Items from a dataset
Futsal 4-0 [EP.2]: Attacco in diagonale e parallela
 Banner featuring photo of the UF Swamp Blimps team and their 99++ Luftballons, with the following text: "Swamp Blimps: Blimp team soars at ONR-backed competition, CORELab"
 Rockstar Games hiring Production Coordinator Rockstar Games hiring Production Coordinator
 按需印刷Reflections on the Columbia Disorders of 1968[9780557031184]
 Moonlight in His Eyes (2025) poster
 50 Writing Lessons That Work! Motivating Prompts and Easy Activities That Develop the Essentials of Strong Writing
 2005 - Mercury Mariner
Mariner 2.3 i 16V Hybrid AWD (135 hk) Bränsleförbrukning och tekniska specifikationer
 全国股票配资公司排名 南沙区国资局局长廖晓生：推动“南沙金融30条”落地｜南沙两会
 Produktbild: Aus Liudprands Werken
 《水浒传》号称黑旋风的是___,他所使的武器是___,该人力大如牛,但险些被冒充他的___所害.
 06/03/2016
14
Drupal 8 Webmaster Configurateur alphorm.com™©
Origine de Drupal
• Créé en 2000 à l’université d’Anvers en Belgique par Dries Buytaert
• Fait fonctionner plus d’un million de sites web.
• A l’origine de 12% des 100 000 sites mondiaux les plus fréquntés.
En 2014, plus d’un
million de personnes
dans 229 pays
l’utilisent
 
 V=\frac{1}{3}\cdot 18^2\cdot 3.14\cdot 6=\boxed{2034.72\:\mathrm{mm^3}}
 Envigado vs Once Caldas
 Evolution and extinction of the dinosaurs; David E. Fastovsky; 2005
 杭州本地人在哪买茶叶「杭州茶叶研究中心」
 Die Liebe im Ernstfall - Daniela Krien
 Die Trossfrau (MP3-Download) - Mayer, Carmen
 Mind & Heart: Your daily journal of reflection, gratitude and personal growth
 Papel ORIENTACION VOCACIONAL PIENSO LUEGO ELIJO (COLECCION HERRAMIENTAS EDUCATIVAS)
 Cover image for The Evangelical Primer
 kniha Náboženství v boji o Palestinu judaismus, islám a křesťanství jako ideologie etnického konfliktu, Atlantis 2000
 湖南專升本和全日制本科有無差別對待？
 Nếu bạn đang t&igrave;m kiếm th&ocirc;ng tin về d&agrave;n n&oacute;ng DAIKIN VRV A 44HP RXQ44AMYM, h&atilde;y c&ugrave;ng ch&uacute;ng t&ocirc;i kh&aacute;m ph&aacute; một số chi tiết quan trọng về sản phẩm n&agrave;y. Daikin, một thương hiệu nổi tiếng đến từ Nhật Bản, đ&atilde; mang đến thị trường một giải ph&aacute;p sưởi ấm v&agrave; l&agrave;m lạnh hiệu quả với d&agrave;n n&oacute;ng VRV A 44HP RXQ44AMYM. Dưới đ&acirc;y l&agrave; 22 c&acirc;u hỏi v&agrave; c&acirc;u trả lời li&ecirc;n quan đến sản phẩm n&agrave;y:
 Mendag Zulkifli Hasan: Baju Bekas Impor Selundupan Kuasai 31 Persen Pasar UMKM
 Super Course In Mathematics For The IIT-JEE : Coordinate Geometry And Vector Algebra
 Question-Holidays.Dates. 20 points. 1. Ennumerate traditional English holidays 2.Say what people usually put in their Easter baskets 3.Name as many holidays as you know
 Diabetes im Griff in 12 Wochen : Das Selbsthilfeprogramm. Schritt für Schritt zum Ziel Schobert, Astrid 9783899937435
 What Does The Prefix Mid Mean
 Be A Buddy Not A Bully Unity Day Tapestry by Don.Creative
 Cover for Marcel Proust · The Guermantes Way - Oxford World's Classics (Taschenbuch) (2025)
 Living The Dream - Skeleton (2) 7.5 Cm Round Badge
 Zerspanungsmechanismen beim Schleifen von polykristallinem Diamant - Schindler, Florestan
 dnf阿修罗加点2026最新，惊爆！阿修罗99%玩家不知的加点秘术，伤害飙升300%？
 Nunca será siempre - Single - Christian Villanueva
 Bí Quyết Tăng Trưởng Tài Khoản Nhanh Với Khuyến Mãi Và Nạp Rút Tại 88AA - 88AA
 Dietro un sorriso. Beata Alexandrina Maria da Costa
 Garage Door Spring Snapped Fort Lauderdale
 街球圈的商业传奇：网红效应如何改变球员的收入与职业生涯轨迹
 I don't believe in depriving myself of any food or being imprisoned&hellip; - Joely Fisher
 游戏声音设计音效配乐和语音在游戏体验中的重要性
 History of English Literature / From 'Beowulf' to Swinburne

• **DIRECTIONS**
Search the data for "Nunca será siempre". Beginning with that line, set down every line through the last exactly.

• **SOLUTION TO THIS PROBLEM**
 Nunca será siempre - Single - Christian Villanueva
 Bí Quyết Tăng Trưởng Tài Khoản Nhanh Với Khuyến Mãi Và Nạp Rút Tại 88AA - 88AA
 Dietro un sorriso. Beata Alexandrina Maria da Costa
 Garage Door Spring Snapped Fort Lauderdale
 街球圈的商业传奇：网红效应如何改变球员的收入与职业生涯轨迹
 I don't believe in depriving myself of any food or being imprisoned&hellip; - Joely Fisher
 游戏声音设计音效配乐和语音在游戏体验中的重要性
 History of English Literature / From 'Beowulf' to Swinburne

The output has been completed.